Pictures with short captions:
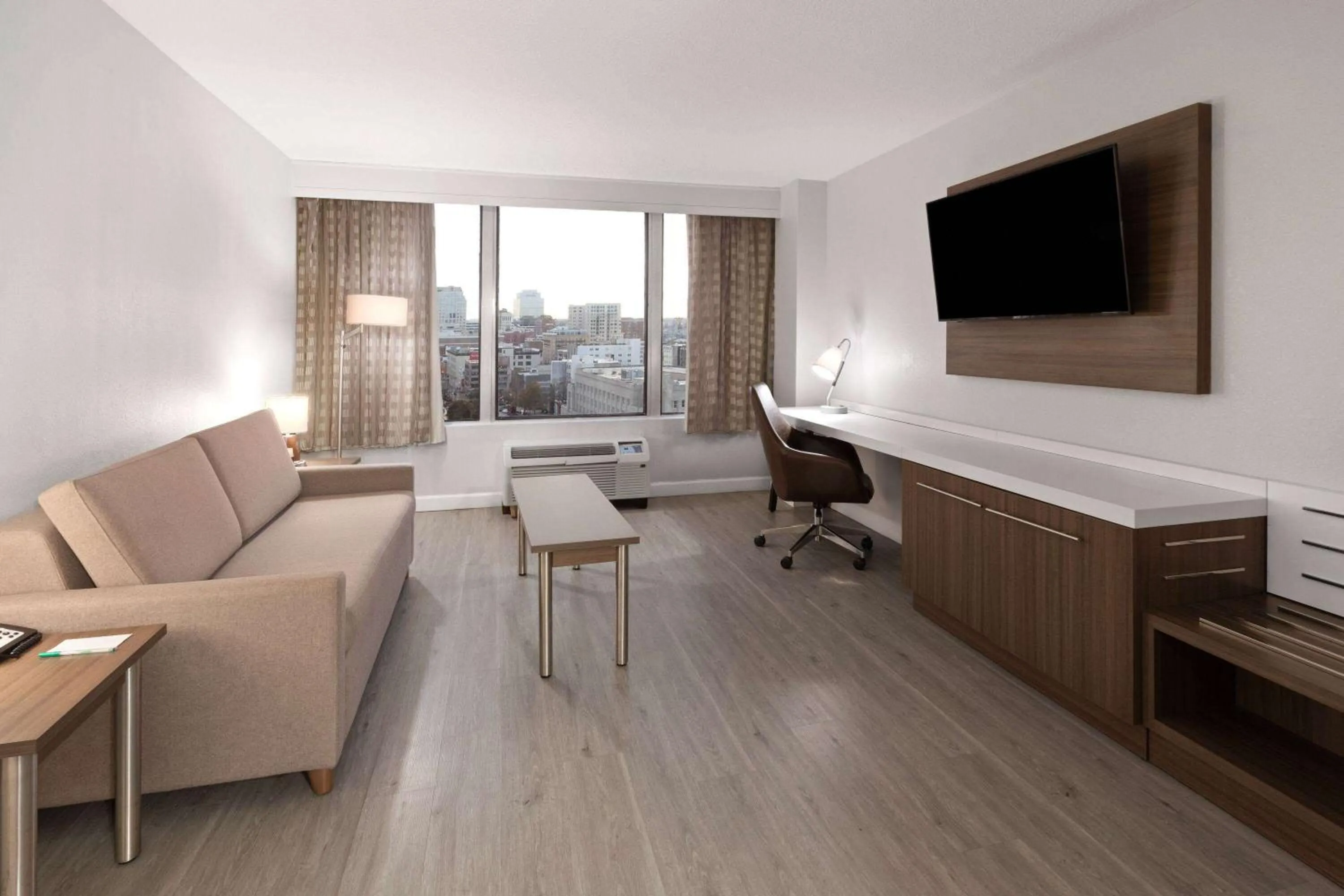 Photo of the whole room in Wyndham Garden Norfolk Downtown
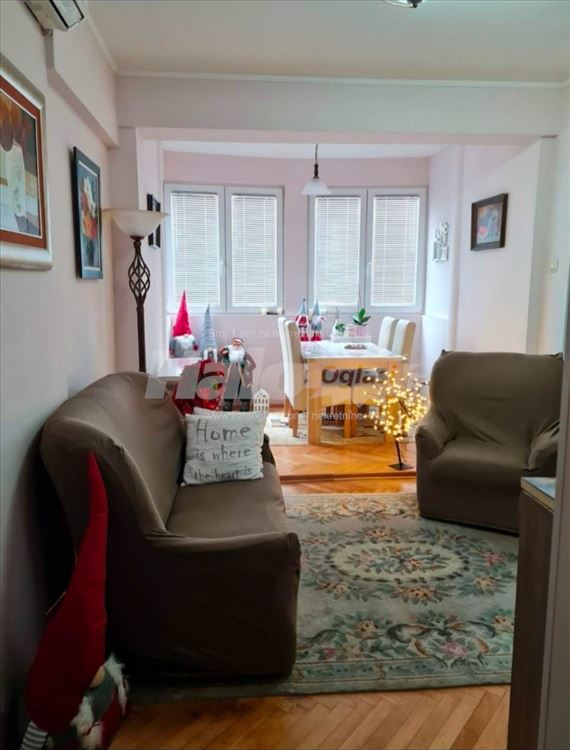 2,5 stan na Karaburmi — 2
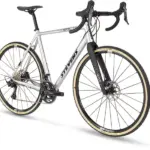 STEVENS Vapor 2x12 Cyclocrosser in Silber mit schwarzen Akzenten, Fokus auf das Vorderrad und die Gabel.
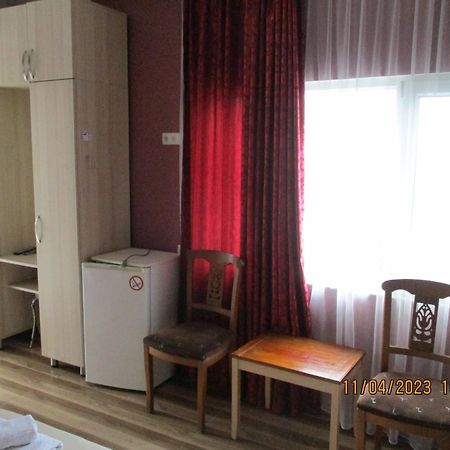 Guest House Nino Makhinjauri Phòng bức ảnh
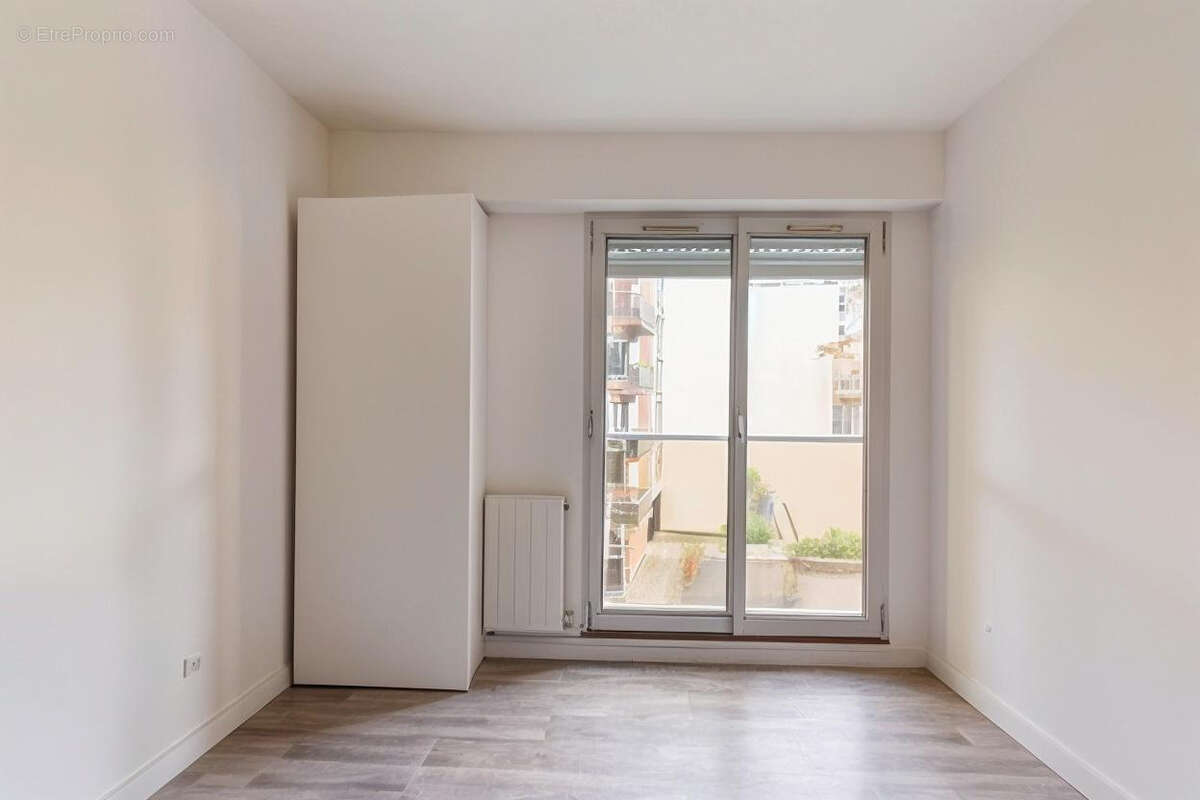 Appartement à PARIS-20E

_Aim of the task_: Reproduce each entry exactly as written, but leave out the images.

_Finished exercise_:
 Photo of the whole room in Wyndham Garden Norfolk Downtown
 2,5 stan na Karaburmi — 2
 STEVENS Vapor 2x12 Cyclocrosser in Silber mit schwarzen Akzenten, Fokus auf das Vorderrad und die Gabel.
 Guest House Nino Makhinjauri Phòng bức ảnh
 Appartement à PARIS-20E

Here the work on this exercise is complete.